* _Records provided_:
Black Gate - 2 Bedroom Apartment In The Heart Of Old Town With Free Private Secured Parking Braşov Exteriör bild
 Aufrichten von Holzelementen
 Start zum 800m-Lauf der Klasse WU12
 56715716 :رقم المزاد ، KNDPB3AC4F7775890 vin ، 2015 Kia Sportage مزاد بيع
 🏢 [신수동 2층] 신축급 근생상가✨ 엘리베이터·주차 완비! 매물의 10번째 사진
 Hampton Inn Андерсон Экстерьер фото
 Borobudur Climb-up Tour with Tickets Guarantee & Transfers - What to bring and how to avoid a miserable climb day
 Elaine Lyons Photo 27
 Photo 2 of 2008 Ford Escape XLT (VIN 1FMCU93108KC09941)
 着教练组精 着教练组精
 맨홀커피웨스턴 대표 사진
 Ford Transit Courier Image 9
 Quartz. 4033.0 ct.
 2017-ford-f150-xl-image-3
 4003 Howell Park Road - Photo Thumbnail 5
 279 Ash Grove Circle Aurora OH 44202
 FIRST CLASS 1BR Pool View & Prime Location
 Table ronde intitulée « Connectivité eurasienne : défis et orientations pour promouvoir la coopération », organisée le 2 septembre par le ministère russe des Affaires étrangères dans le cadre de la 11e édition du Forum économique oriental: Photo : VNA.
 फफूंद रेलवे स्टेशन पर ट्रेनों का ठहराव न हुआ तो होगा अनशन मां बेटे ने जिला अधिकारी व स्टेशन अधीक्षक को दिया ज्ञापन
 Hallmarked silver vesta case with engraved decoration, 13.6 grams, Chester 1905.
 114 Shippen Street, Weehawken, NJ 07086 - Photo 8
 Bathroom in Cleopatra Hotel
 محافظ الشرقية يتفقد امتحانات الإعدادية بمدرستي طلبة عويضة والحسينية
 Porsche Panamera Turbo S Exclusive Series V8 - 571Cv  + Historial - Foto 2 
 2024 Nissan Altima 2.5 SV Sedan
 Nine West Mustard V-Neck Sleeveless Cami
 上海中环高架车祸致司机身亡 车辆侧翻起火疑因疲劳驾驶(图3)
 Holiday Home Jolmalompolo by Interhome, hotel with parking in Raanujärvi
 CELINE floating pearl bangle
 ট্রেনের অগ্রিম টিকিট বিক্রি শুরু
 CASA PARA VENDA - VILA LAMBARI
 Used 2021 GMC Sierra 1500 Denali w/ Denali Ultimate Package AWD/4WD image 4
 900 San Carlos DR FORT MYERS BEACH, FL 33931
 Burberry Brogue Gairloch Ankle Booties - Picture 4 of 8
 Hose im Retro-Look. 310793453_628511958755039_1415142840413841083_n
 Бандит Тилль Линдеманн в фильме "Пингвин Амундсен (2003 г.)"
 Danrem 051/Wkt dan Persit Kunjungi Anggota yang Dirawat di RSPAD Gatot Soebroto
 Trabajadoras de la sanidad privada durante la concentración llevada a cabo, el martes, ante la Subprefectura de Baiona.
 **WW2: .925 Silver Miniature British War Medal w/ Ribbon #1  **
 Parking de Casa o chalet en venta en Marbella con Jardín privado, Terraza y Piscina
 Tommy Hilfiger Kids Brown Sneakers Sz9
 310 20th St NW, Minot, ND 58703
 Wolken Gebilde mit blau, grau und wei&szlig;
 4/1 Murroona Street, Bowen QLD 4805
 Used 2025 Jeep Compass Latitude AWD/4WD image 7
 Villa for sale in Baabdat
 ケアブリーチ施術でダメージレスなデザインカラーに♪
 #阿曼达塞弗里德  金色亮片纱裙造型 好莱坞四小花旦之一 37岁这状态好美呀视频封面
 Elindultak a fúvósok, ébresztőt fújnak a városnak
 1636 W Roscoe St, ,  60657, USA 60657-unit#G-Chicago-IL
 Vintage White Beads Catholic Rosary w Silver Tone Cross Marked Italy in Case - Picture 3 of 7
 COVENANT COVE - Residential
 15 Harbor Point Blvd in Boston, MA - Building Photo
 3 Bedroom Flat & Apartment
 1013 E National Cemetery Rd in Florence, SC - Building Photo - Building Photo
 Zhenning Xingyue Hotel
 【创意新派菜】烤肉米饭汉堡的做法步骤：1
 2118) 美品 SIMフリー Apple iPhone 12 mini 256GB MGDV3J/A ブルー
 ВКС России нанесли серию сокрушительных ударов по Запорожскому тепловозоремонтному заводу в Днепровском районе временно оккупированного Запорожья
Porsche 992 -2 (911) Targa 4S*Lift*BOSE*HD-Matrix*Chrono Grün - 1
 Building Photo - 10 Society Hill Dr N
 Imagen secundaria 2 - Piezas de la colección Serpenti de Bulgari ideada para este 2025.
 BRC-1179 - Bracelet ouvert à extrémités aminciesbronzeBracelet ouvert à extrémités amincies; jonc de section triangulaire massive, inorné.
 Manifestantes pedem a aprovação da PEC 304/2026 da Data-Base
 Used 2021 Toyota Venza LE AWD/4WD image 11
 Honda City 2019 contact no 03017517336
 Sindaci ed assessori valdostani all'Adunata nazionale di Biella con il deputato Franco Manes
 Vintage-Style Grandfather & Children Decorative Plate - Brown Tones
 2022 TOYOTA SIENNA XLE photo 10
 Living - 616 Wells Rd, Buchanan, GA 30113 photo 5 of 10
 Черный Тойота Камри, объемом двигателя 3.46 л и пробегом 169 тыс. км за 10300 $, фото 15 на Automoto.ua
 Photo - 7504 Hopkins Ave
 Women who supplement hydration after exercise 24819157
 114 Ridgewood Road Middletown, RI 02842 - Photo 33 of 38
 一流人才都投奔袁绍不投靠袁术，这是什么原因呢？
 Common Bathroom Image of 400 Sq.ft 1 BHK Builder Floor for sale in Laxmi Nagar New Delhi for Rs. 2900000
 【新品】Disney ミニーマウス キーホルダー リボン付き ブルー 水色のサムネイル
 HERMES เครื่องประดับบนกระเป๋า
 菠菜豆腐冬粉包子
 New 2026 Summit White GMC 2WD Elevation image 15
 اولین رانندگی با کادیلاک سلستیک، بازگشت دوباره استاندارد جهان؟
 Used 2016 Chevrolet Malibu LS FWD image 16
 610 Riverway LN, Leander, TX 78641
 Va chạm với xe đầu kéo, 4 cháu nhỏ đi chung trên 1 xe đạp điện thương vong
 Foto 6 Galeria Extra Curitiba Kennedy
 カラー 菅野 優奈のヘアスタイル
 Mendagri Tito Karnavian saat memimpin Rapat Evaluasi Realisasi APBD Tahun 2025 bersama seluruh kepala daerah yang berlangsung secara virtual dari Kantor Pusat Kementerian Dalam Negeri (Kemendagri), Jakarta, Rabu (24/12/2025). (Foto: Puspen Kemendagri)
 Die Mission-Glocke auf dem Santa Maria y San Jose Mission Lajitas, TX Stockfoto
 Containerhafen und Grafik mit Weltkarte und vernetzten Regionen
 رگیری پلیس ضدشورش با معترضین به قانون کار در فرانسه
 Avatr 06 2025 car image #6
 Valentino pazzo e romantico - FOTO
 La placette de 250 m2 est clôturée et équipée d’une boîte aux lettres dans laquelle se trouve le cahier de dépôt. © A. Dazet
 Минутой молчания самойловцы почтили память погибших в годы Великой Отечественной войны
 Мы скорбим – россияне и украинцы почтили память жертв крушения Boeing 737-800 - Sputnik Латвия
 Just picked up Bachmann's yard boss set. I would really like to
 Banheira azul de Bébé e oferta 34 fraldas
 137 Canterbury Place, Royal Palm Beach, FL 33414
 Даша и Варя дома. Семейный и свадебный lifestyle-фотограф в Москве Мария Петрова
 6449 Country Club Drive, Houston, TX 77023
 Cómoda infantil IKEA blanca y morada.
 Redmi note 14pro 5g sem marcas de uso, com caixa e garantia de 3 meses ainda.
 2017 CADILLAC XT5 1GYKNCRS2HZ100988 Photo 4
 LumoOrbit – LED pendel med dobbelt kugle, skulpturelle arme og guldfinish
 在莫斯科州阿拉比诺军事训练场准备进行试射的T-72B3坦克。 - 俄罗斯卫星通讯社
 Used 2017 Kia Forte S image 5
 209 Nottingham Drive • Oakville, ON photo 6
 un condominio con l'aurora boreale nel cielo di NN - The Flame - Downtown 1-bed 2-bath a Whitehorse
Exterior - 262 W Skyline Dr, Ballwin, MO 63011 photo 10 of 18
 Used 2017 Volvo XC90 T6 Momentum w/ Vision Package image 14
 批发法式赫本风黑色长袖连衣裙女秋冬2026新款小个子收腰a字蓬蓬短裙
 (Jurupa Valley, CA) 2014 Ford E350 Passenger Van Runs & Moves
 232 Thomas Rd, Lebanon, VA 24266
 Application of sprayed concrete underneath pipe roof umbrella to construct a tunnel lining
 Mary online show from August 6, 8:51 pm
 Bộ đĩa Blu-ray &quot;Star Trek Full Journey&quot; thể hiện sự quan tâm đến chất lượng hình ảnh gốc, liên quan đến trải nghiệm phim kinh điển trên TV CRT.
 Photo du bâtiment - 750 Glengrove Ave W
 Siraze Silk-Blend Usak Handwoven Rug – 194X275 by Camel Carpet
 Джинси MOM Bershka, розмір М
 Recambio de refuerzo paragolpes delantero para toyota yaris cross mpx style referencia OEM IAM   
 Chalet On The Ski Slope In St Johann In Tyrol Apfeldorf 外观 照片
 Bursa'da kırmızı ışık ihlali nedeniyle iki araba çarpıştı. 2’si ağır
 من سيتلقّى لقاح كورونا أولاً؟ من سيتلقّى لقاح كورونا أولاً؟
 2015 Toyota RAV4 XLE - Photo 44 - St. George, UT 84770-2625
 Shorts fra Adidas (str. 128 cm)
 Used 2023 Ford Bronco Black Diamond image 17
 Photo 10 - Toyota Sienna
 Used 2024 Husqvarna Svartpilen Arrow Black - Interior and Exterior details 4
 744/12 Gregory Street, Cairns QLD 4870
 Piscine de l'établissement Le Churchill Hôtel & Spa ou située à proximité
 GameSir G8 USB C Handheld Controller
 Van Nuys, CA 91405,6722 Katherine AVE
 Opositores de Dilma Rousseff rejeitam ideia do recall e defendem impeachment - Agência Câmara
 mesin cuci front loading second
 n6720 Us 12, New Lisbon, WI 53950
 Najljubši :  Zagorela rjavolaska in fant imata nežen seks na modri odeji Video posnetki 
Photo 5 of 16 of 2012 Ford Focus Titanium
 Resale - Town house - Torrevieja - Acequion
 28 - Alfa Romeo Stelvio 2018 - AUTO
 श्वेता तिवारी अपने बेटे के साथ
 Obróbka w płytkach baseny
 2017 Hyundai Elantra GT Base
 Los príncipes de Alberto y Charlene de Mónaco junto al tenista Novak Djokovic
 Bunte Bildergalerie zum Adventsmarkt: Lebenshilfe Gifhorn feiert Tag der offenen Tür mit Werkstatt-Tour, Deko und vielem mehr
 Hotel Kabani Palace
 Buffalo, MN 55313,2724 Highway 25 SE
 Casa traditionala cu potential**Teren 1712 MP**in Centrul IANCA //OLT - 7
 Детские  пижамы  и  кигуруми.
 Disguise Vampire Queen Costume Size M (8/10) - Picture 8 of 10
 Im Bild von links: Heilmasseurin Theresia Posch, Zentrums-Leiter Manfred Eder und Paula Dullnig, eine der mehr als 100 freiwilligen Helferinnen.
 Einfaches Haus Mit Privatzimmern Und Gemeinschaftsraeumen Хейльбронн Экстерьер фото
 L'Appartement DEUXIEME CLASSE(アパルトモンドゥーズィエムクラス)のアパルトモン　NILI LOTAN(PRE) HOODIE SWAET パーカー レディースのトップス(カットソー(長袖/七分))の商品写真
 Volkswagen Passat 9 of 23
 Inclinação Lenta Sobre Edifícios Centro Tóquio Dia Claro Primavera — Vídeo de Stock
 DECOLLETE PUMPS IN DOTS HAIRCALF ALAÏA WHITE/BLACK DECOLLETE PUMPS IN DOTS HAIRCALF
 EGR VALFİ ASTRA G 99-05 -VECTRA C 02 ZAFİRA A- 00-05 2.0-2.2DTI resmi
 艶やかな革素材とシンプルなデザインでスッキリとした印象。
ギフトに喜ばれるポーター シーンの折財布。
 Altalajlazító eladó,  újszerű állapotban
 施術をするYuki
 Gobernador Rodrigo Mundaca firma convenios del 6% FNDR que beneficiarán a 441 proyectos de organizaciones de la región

* _Activity_: Using the data above, repeat exactly the lines that begin at the line with "Used 2021 GMC" and end at the line with "Imagen secundaria 2", both ends included.

* _Solution to this problem_:
 Used 2021 GMC Sierra 1500 Denali w/ Denali Ultimate Package AWD/4WD image 4
 900 San Carlos DR FORT MYERS BEACH, FL 33931
 Burberry Brogue Gairloch Ankle Booties - Picture 4 of 8
 Hose im Retro-Look. 310793453_628511958755039_1415142840413841083_n
 Бандит Тилль Линдеманн в фильме "Пингвин Амундсен (2003 г.)"
 Danrem 051/Wkt dan Persit Kunjungi Anggota yang Dirawat di RSPAD Gatot Soebroto
 Trabajadoras de la sanidad privada durante la concentración llevada a cabo, el martes, ante la Subprefectura de Baiona.
 **WW2: .925 Silver Miniature British War Medal w/ Ribbon #1  **
 Parking de Casa o chalet en venta en Marbella con Jardín privado, Terraza y Piscina
 Tommy Hilfiger Kids Brown Sneakers Sz9
 310 20th St NW, Minot, ND 58703
 Wolken Gebilde mit blau, grau und wei&szlig;
 4/1 Murroona Street, Bowen QLD 4805
 Used 2025 Jeep Compass Latitude AWD/4WD image 7
 Villa for sale in Baabdat
 ケアブリーチ施術でダメージレスなデザインカラーに♪
 #阿曼达塞弗里德  金色亮片纱裙造型 好莱坞四小花旦之一 37岁这状态好美呀视频封面
 Elindultak a fúvósok, ébresztőt fújnak a városnak
 1636 W Roscoe St, ,  60657, USA 60657-unit#G-Chicago-IL
 Vintage White Beads Catholic Rosary w Silver Tone Cross Marked Italy in Case - Picture 3 of 7
 COVENANT COVE - Residential
 15 Harbor Point Blvd in Boston, MA - Building Photo
 3 Bedroom Flat & Apartment
 1013 E National Cemetery Rd in Florence, SC - Building Photo - Building Photo
 Zhenning Xingyue Hotel
 【创意新派菜】烤肉米饭汉堡的做法步骤：1
 2118) 美品 SIMフリー Apple iPhone 12 mini 256GB MGDV3J/A ブルー
 ВКС России нанесли серию сокрушительных ударов по Запорожскому тепловозоремонтному заводу в Днепровском районе временно оккупированного Запорожья
Porsche 992 -2 (911) Targa 4S*Lift*BOSE*HD-Matrix*Chrono Grün - 1
 Building Photo - 10 Society Hill Dr N
 Imagen secundaria 2 - Piezas de la colección Serpenti de Bulgari ideada para este 2025.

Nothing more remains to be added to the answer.